Deutschland privatisiert Sefe – und sichert so seine Energiezukunft nach Gazprom-Aus
Maria-Theresia ThanelDeutschland privatisiert Sefe – und sichert so seine Energiezukunft nach Gazprom-Aus
Deutschland treibt die Pläne zur Privatisierung von Sefe voran, der ehemaligen Gazprom-Tochter Gazprom Germania, um seine Energiezukunft zu sichern. Die Bundesregierung strebt an, durch eine Kapitalerhöhung zwischen 1,5 und 2 Milliarden Euro einzunehmen. Unterdessen halten die Spannungen um die Gasversorgung in Osteuropa an – insbesondere die Republik Moldau sieht sich mit möglichen Lieferkürzungen durch Russlands Gazprom konfrontiert.
Die deutsche Regierung hatte die Kontrolle über Sefe übernommen, nachdem Russlands Angriff auf die Ukraine die Verbindungen zum früheren Mutterkonzern Gazprom abgebrochen hatte. Nun muss Berlin seinen Anteil am Energieunternehmen bis Ende 2028 um mindestens 75 Prozent reduzieren – eine Vorgabe der Europäischen Kommission. Gleichzeitig prüfen Beamte eine mögliche Fusion zwischen Sefe und Uniper, einem weiteren großen deutschen Gasimporteur. Sefe, das kritische Infrastruktur wie Gasspeicher und Pipelines betreibt, betonte, seine Kerngeschäfte zusammenzuhalten, statt Vermögenswerte aufzuspalten oder einzeln zu veräußern.

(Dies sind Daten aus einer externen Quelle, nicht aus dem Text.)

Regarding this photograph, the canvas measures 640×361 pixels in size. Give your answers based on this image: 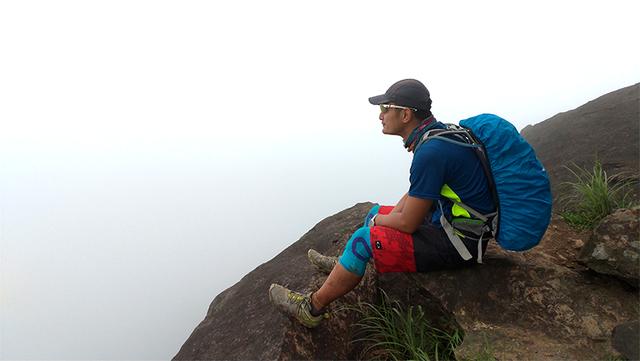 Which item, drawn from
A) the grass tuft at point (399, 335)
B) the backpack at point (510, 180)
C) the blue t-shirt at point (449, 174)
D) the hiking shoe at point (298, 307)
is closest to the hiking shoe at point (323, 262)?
the grass tuft at point (399, 335)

In Serbien hat die US-Regierung eine letzte einmonatige Ausnahmegenehmigung von Sanktionen für die staatliche Ölgesellschaft Naftna Industrija Srbije (NIS) erteilt, an der russische Unternehmen mehrheitlich beteiligt sind. Das US-Finanzministerium hatte Gazprom Neft ursprünglich 45 Tage Zeit eingeräumt, um seine Anteile an NIS abzugeben – diese Frist wurde nun verlängert.

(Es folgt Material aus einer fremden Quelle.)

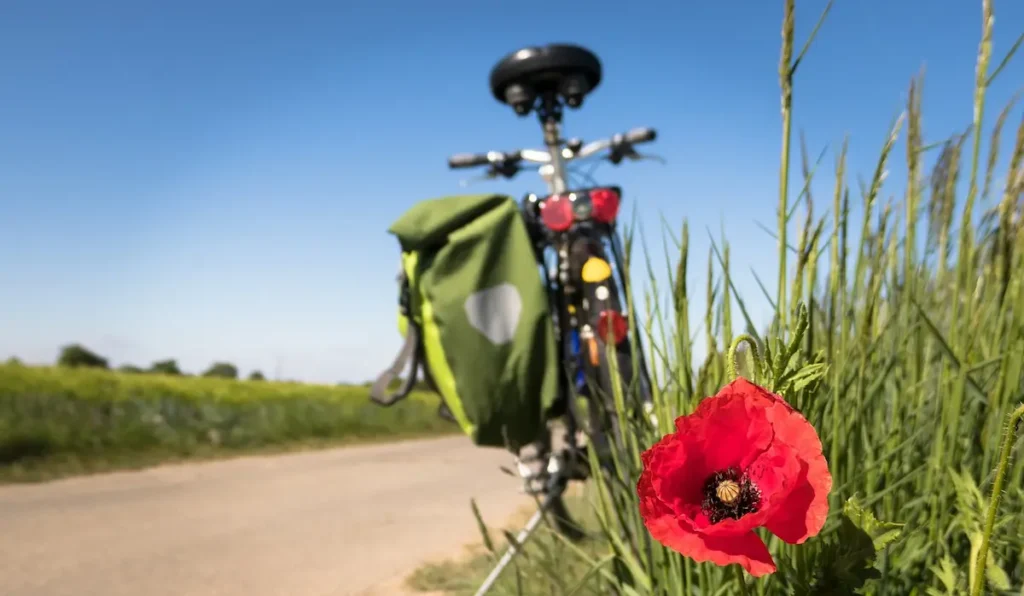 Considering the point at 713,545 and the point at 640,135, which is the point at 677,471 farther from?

Weiter östlich erwägt die Republik Moldau die Verstaatlichung ihres Gasversorgers Moldovagaz, während der Konflikt mit Gazprom eskaliert. Der russische Energieriese, der die Hälfte von Moldovagaz besitzt, hat gedroht, die Gaslieferungen an die Moldau ab dem 1. Januar 2023 einzustellen.
Die Privatisierung von Sefe durch Deutschland markiert einen entscheidenden Schritt bei der Neuausrichtung des Energiesektors nach dem Bruch mit russischen Beteiligungen. Die Maßnahme könnte auch die regionale Energiesicherheit beeinflussen, während die Moldau nach Alternativen zu Gazproms Dominanz sucht. Die Verlängerung der US-Ausnahmegenehmigung für NIS hingegen schafft zwar vorübergehend Entlastung, wirft aber weiterhin Fragen zur langfristigen Lösung auf.